When I go into a client, I often see two approaches to error handling which are opposite extremes. The client will usually have no exception handling at all or wrap up every process in exception handling which carefully ignores errors, logs them away for safe keeping and quietly continues. The latter is surprisingly worse than the former.
On the one hand, the ETL is at the whim of whatever is thrown its way – connection issues, bad data or other anomalies. On the other, no one ever knows that exceptions are happening and the users of the system go on their merry way, not realizing that their data warehouse is dry rotting like a curtain, until one day, they give a tug to let in the sun and it falls to pieces. How easily trust is lost, when there are apparent gaps in the data from lost rows.
Let me give a specific example, I was working on a package which used a script component to parse a flat file which caught all exceptions and sent them to an error output. The error output carried a vague hint of what the error was and what column was affected, but it did not have trace information about the source file, the affected row or what the value was. I should also note here that a script component should never be used to replace the equivalent functionality in an out-of-the-box component (i.e. flat file source). This is an important aspect of exception handling – keep it simple, but not too simple.
So why was this catch-all methodology being employed? I found that the source files would sometimes contain invalid values from user input. In fact, there were just three fields that would sometimes go wrong, and only two cases in which the data should have been rejected. Rejected and reported back to business, mind you.
Ayende Rahien sums up a very simple approach to exception handling in this post, ://ayende.com/blog/3952/kobe-an-example-of-exception-handling-done-wrong, in which he states:
Exception handling should appear in exactly two places:
· When an error is expected (making a web request call, for example) and there is some meaningful behavior to be done in the case of a failure (such as retrying after some delay)

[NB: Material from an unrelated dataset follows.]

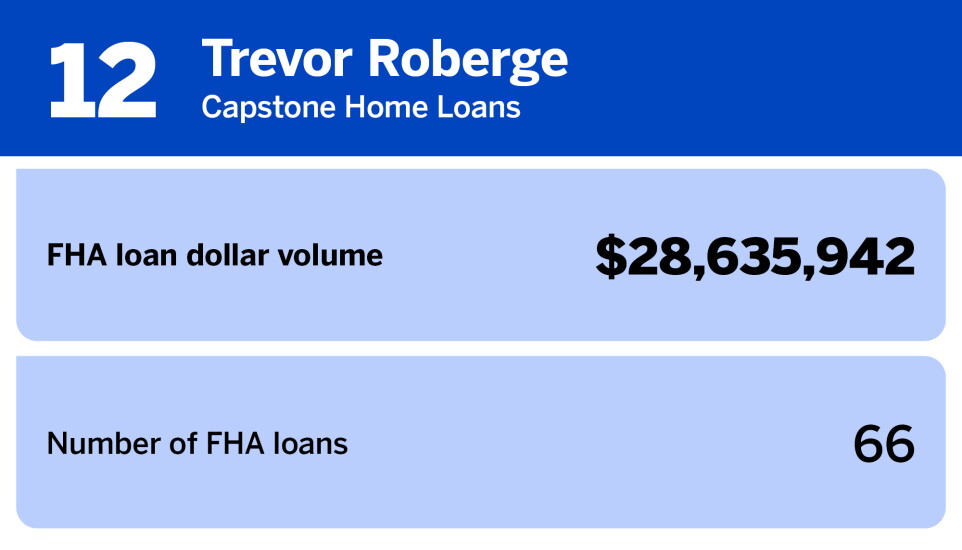 National Mortgage News_20 producers with the largest FHA loan volume_Trevor Roberge_12.jpg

· On a system boundary, in which case you need to make a decision about how you are going to expose the error to the outside world.
If we apply this same methodology to my example problem, we would want exception handling for our three bad data cases and that’s it. Since this file is produced from another database, as long as we match the source data types, there will be no need to protect the system boundaries. In other cases, we might find that the source system is poorly designed and uses a 255 length string for every column. That would be a good case to enable exception handling for conversion errors for what the values actually should be.
So what do we do with the exceptions anyway?
In his book, Data Quality the Accuracy Dimension, Jack Olsen offers four possible approaches for dealing with data quality problems, but I think they apply very well for any exception handling in an ETL:
- Ignore the error – log it and report it, but keep the original value in the case of a data quality problem
- Try to correct it – i.e. put in retries for a problematic connection, like every FTP connection – they always seem to be spotty
- Reject the row – I have seen some approaches to quarantining records so they could be massaged by business and reloaded, but I think it is far better to correct problems in the source system. That way, you will never see it again should you need to reload the data.
- Stop the ETL – sometimes all you can do is rely on manual intervention to fix a problem and that is when this approach makes sense.
Combining these two approaches, we can create ETL’s that are very effective at handling exceptions and letting us know about it when it happens.